What is required: Pictures are to be left out. Return exactly the lines below from the one with "Yamper [Roar | Static Shock]" up to and including the one with "AVENGER - Steel On Steel (3CD)".

Source records:
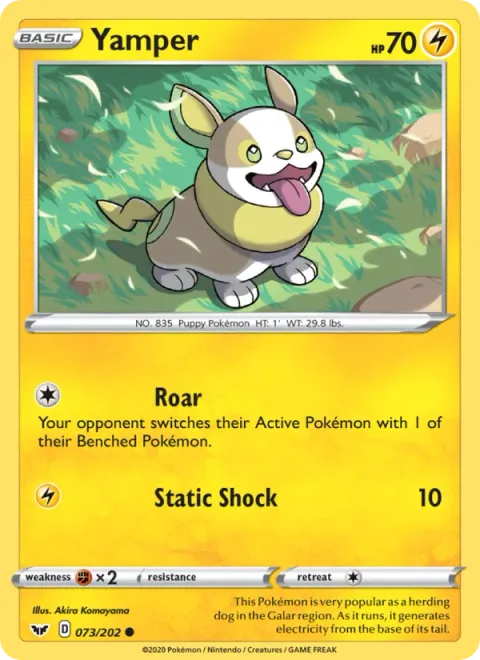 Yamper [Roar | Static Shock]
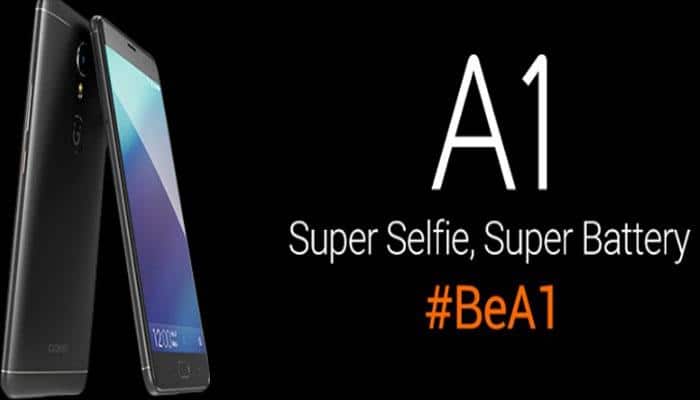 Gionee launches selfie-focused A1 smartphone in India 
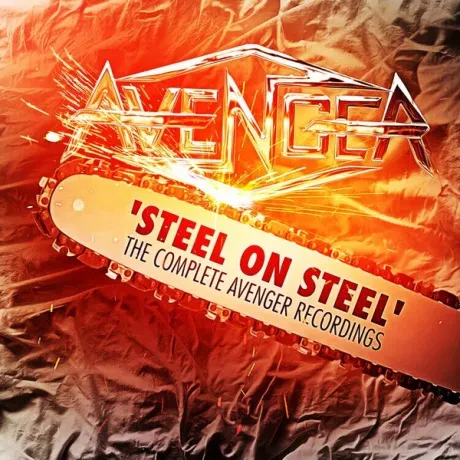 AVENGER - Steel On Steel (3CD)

--

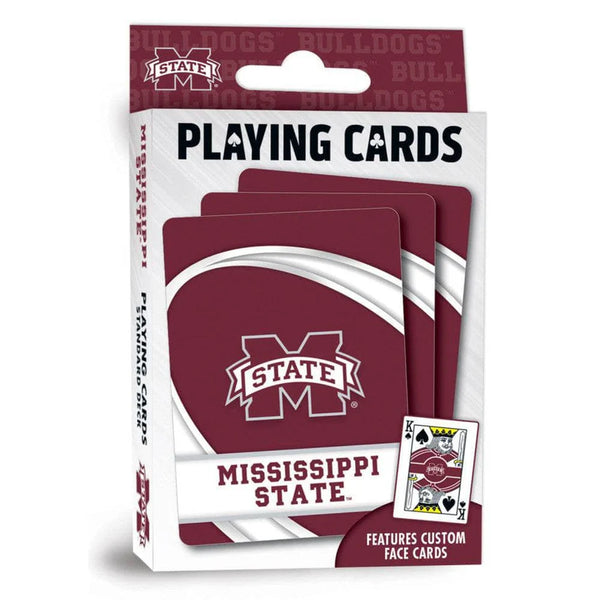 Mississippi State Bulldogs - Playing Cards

--

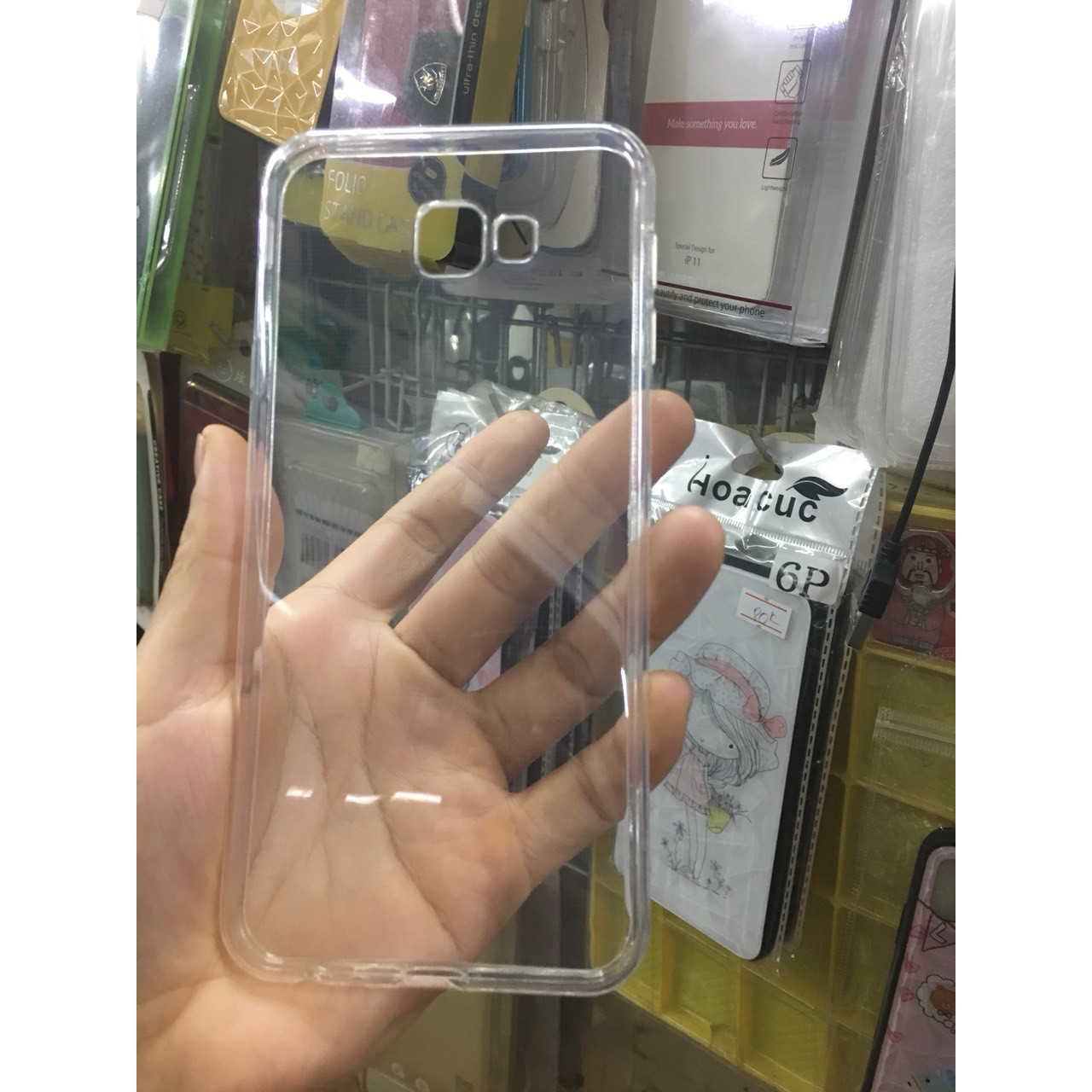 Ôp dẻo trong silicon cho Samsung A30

Response:
 Yamper [Roar | Static Shock]
 Gionee launches selfie-focused A1 smartphone in India 
 AVENGER - Steel On Steel (3CD)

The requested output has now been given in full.